Le gouvernement Trump va même au-delà de ces accords pour officialiser la tarification NPF au travers de trois modèles, qu’il compte appliquer aux régimes d’assurance publics Medicaid et Medicare: chacun de ces modèles s’appuie sur une liste de pays de référence légèrement différents. Le lancement du site de vente directe au consommateur TrumpRx.govLien externe en février, qui vise à proposer aux Américains des médicaments sur ordonnance au prix de la nation la plus favorisée, a fait monter les enchères. Si les laboratoires pharmaceutiques ne proposent pas les prix les plus compétitifs possibles, ils risquent l’exclusion de cette plateforme très en vue.

En réponse, certains laboratoires ont annoncé le report, voire l’annulation du lancement de nouveaux traitements en Europe, où les prix, historiquement, sont nettement plus bas qu’en Amérique. Ils ont préféré perdre l’intégralité du marché plutôt que de fixer un prix bas qui pourrait réduire comme peau de chagrin leurs profits du côté américain. D’autres menacent de cesser leurs investissements en recherche et développement en Europe si les gouvernements ne se montrent pas disposés à augmenter la mise.

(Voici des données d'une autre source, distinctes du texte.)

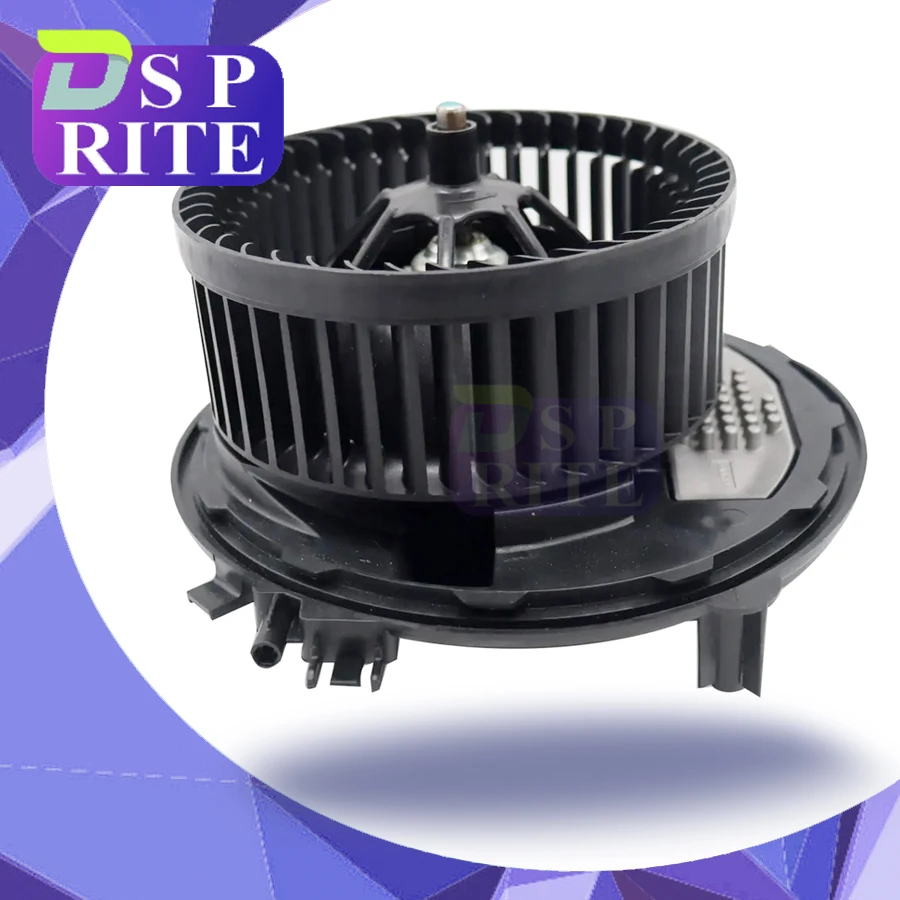 

Мотор вентилятора отопителя кондиционера для Volkswagen Golf 7 VII PASSAT 5Q1819021 5Q0907521e 5Q1819021B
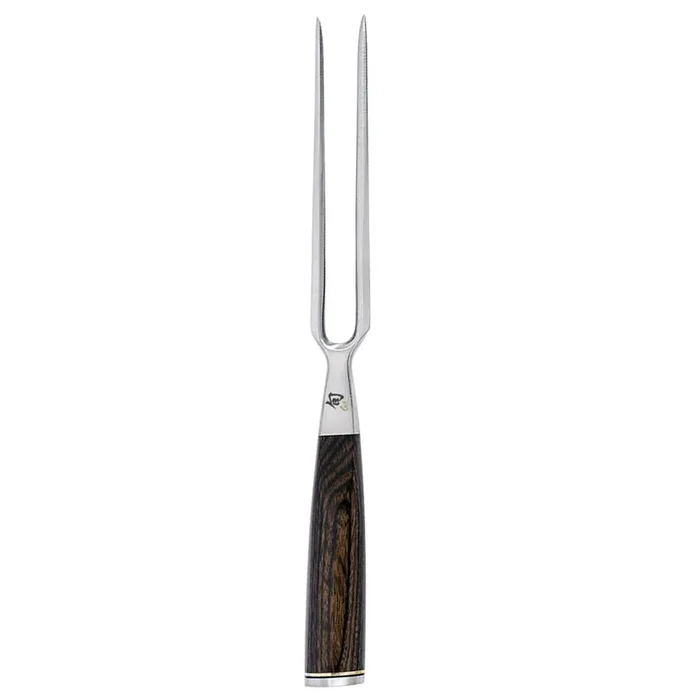 Shun Premier 6.5‘‘ Carving Fork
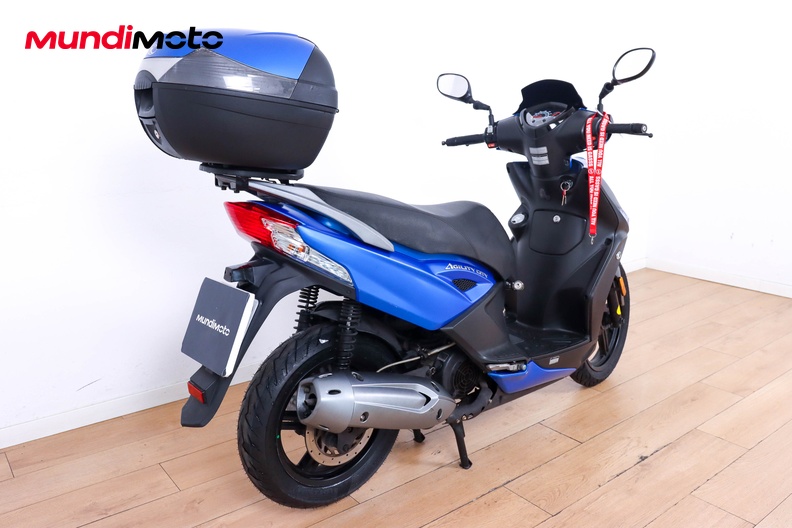 Motorbike image 2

Une bataille à gros enjeux

Même s’il reste beaucoup d’incertitudes sur la mise en œuvre de la politique NPF, l’Europe doit la prendre au sérieux, selon les experts.

«La tarification NPF est partie pour rester, affirme James Whitehouse, du cabinet de conseil britannique Lightning Health. «La politique américaine dicte désormais les enjeux de santé publique dans d’autres pays», a déclaré l’expert à Amsterdam début mars au congrès EPA, pour Evidence, Pricing and Access, le plus grand rassemblement d’experts en fixation des prix du médicament en Europe. Selon lui, les conséquences pour l’Europe seront immenses.

En matière commerciale, le poids des États-Unis dans la balance est considérable. Le pays représente au moins la moitié des revenus de la plupart des géants du secteur pharmaceutique, notamment à cause de ses prix élevés. Les médicaments de marque peuvent être vendus jusqu’à quatre fois plus cher que dans d’autres pays développés.

C’est pourquoi une baisse des prix aux États-Unis aurait un impact non négligeable sur les revenus et les profits des laboratoires, selon un rapport de la banque suisse UBS, publié en mai 2025. Les experts estiment que les grandes entreprises pharmaceutiques pourraient voir leurs bénéfices écornés de 8% en 2028, en se fondant sur le top 50 des ventes de médicaments par le biais de Medicare en 2024, et sur dix nouveaux traitements qui devraient faire partie des plus vendus d’ici la fin de la décennie.

L’industrie pharmaceutique et les associations professionnelles brossent désormais un tableau très sombre de l’avenir du médicament et de son développement en Europe, si les prix des traitements n’augmentent pas pour compenser la baisse américaine.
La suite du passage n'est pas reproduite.